Ideal reverberant mask

In IRM estimation, both reverberant and clean signals are decomposed into T-F units as described in Sec. 2A2. The speech-to-reverberant ratio (SRR) features which are the ratio of the short-time energy of the clean signal to that of the reverberant signal are computed at each T-F unit and the IRM for that unit is obtained by comparing its SRR value with a preset threshold (T′) (Kokkinakis et al., 2011) as

IRM (t, j) = {\begin{matrix} 1, & SRR (t, j) > T^{'} \\ 0, & otherwise . \end{matrix}

(9)

The IRM is implemented and evaluated in this study for comparative purposes, as it provides the upper bound in performance. The threshold used in Eq. (15) is set to −8 dB.

EXPERIMENT: EVALUATION OF THE PROPOSED BLIND REVERBERANT MASK

Methods

Subjects

A total of six CI listeners with Nucleus devices participated in this study. All participants were native speakers of American English with postlingual deafness, who received no benefit from hearing aids preoperatively. The participants used their CI devices routinely and had a minimum of 1 year experience with their CIs. Biographical data for the subjects is detailed in Table TABLE I.. All subjects were paid for their participation in this research study.

TABLE I.

Biographical data of the CI users tested.
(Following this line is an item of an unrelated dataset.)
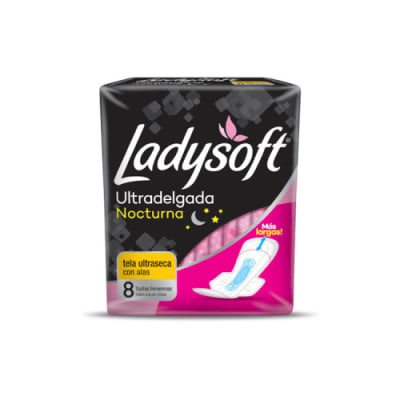 TOALLA FEMENINA LADYSOFT NOCTURNA ULTRA DELGADA CON ALAS X 8 UNIDADES1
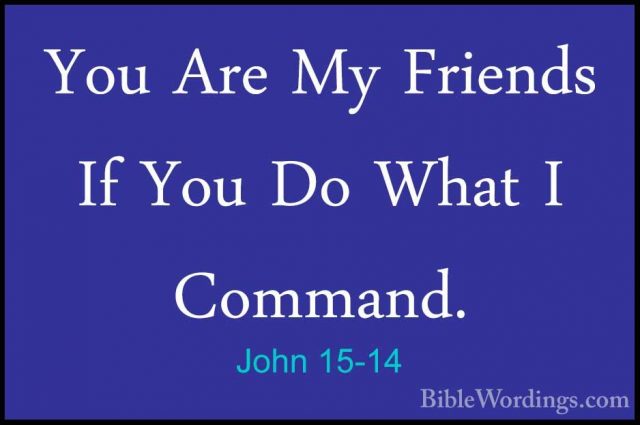 John 15-14 - You Are My Friends If You Do What I Command.You Are My Friends If You Do What I Command.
Subjects	Age	Gender	Years implanted (L/R)	Number of active electrodes	CI processor	Etiology of hearing loss
S1	58	F	2/-	22	N5	Unknown
S2	65	F	3/3	22	N5	Unknown
S3	65	M	3/-	21	Freedom	Unknown
S4	78	M	7/7	21	Freedom	Hereditary
S5	59	M	1/1	22	N5	Meniere's disease
S6	62	F	2/2	22	N5	Unknown

Open in a new tab

Research processor

Four of the subjects tested were using the Nucleus 5 and two were using the Nucleus Freedom speech processor on a daily basis. Subjects were tested using a personal digital assistant (PDA)-based cochlear implant research platform (Ali et al., 2011). The signals were streamed off-line via the PDA platform and sent directly to the subject's cochlear implant. The PDA processor was programmed for individual subjects using their threshold and comfortable loudness levels, and coding strategy parameters. The volume of the speech processor was also adjusted to a comfortable loudness prior to initial testing. Institutional review board (IRB) approval and informed consent were obtained from all participants before testing commenced.

Stimuli

IEEE sentences (IEEE, 1969) were used as the speech stimuli for testing. There are 72 list of sentences in IEEE database, where each list contains 10 phonetically balanced sentences and each sentence is composed of approximately 7−12 words. The root-mean-square (RMS) value of all sentences was equalized to the same value corresponding to approximately 65 dBA.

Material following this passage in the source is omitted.